=== WHAT IS EXPECTED ===
Among the entries below, one line contains "Papel Pintado Chippendale" and another contains "TEFI-2016 Award Ceremony". Transcribe those two lines and every line between them, exactly.

=== SOURCE DATA ===
________________________
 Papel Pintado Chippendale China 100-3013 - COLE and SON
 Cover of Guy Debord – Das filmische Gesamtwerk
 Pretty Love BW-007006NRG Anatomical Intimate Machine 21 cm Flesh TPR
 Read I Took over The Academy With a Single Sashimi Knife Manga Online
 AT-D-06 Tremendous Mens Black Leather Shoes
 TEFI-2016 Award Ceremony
________________________
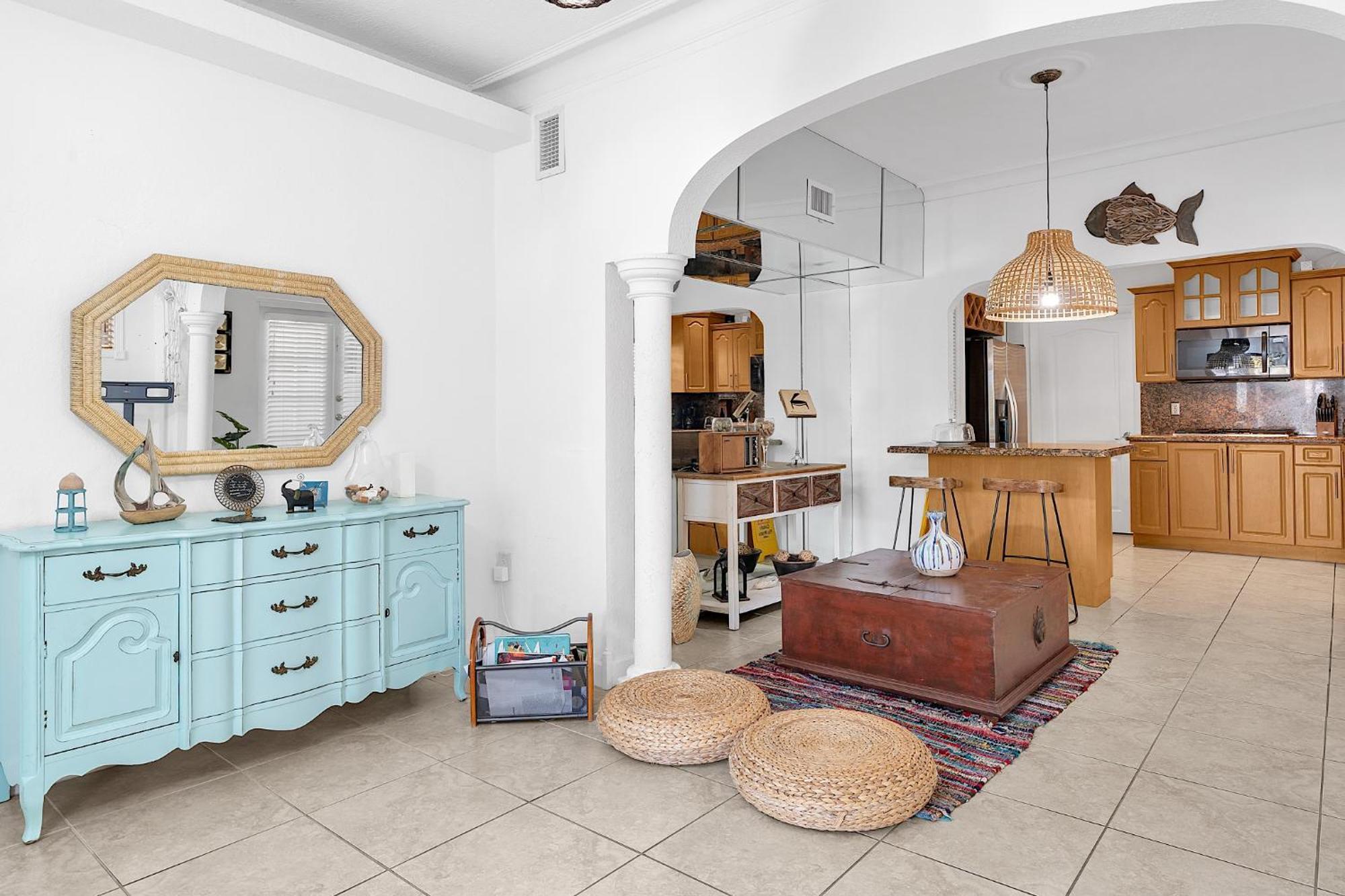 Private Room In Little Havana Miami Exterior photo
________________________
=== PROBLEM SOLUTION ===
 Papel Pintado Chippendale China 100-3013 - COLE and SON
 Cover of Guy Debord – Das filmische Gesamtwerk
 Pretty Love BW-007006NRG Anatomical Intimate Machine 21 cm Flesh TPR
 Read I Took over The Academy With a Single Sashimi Knife Manga Online
 AT-D-06 Tremendous Mens Black Leather Shoes
 TEFI-2016 Award Ceremony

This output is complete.